**ABOUT THIS TASK**.
Give again, exactly and only, the lines running from the one with "INC International Concepts" to the end of the material below; leave out pictures.

= = = = = = =

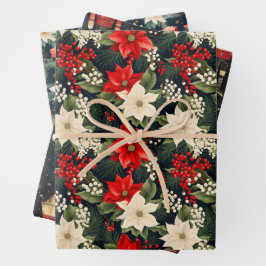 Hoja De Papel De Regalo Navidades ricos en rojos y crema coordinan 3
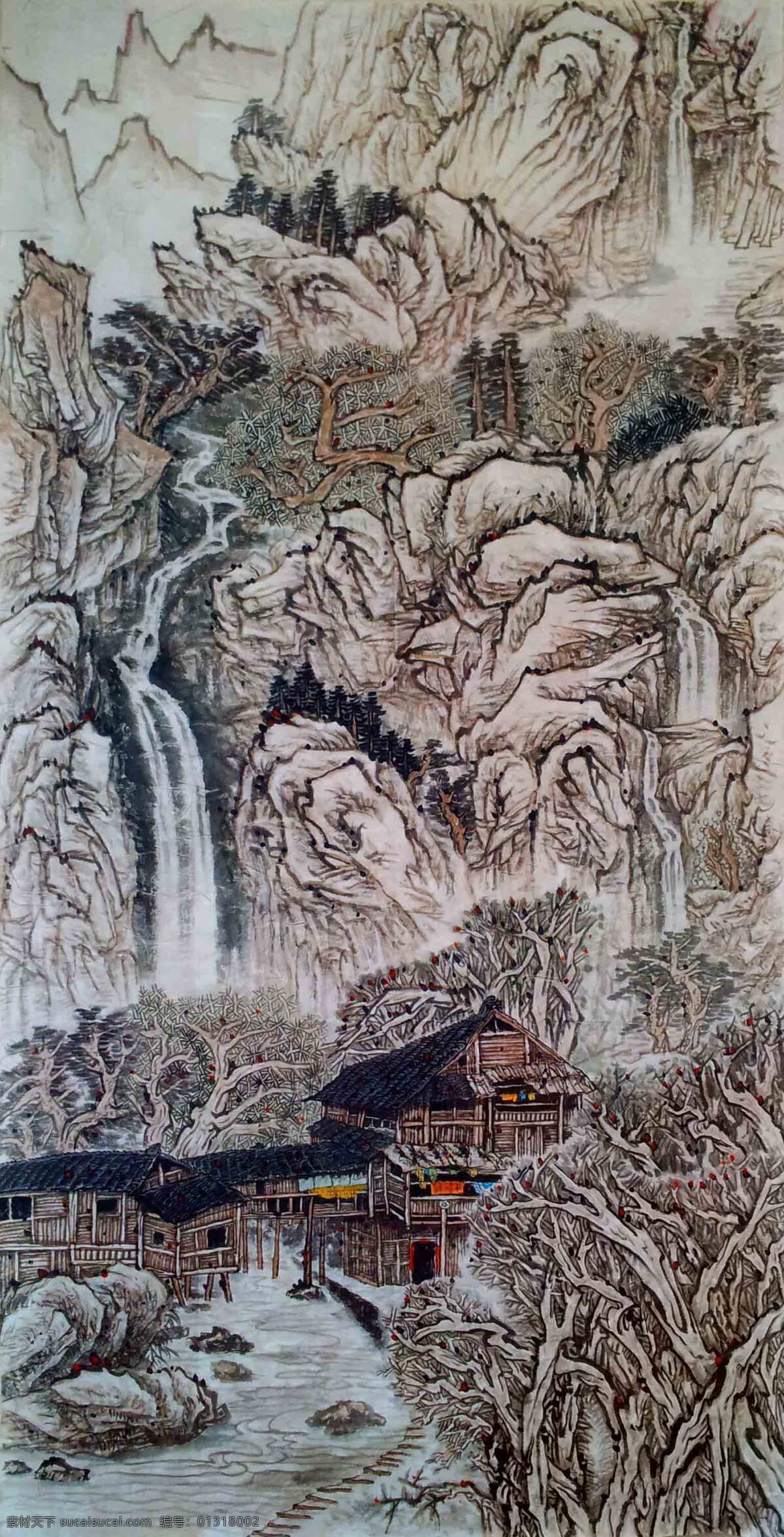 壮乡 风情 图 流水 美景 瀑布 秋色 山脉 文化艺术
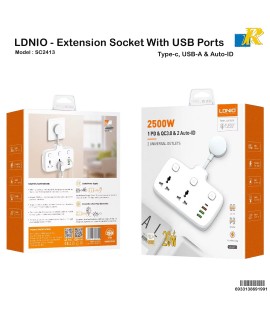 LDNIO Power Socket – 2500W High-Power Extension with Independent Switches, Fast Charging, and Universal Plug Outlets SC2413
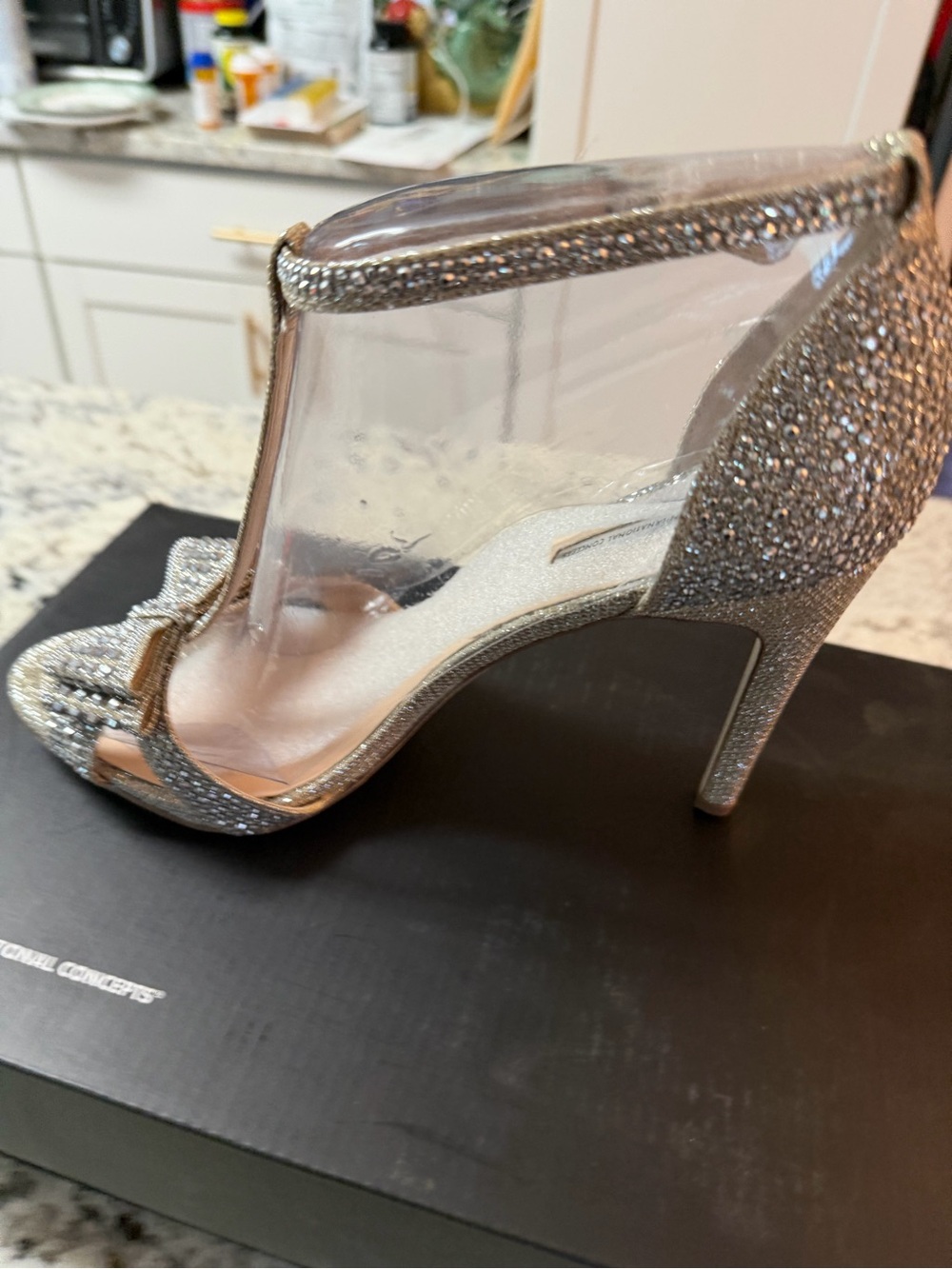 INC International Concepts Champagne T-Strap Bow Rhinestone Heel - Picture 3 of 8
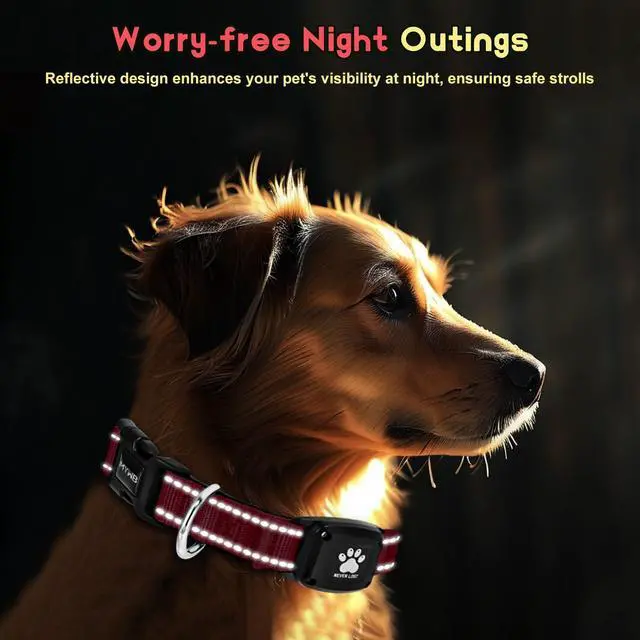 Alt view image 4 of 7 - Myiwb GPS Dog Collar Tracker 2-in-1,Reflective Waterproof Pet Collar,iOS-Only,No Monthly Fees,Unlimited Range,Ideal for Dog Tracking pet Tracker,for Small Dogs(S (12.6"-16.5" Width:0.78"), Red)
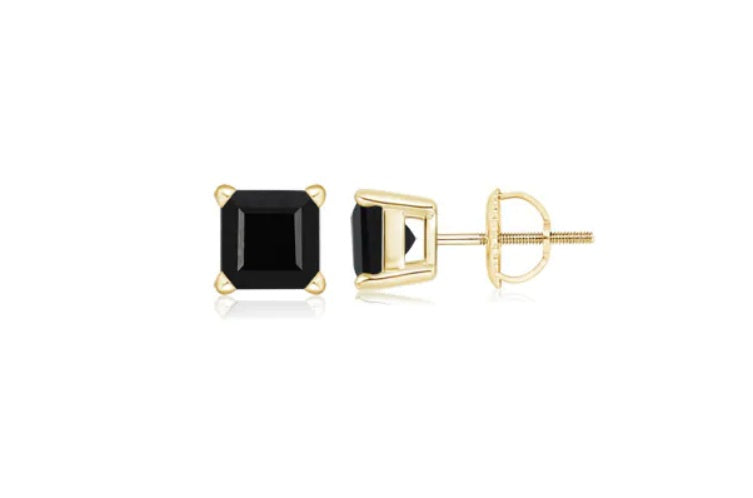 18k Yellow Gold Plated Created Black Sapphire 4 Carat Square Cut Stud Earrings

= = = = = = =

**SOLUTION TO THE EXERCISE**.
 INC International Concepts Champagne T-Strap Bow Rhinestone Heel - Picture 3 of 8
 Alt view image 4 of 7 - Myiwb GPS Dog Collar Tracker 2-in-1,Reflective Waterproof Pet Collar,iOS-Only,No Monthly Fees,Unlimited Range,Ideal for Dog Tracking pet Tracker,for Small Dogs(S (12.6"-16.5" Width:0.78"), Red)
 18k Yellow Gold Plated Created Black Sapphire 4 Carat Square Cut Stud Earrings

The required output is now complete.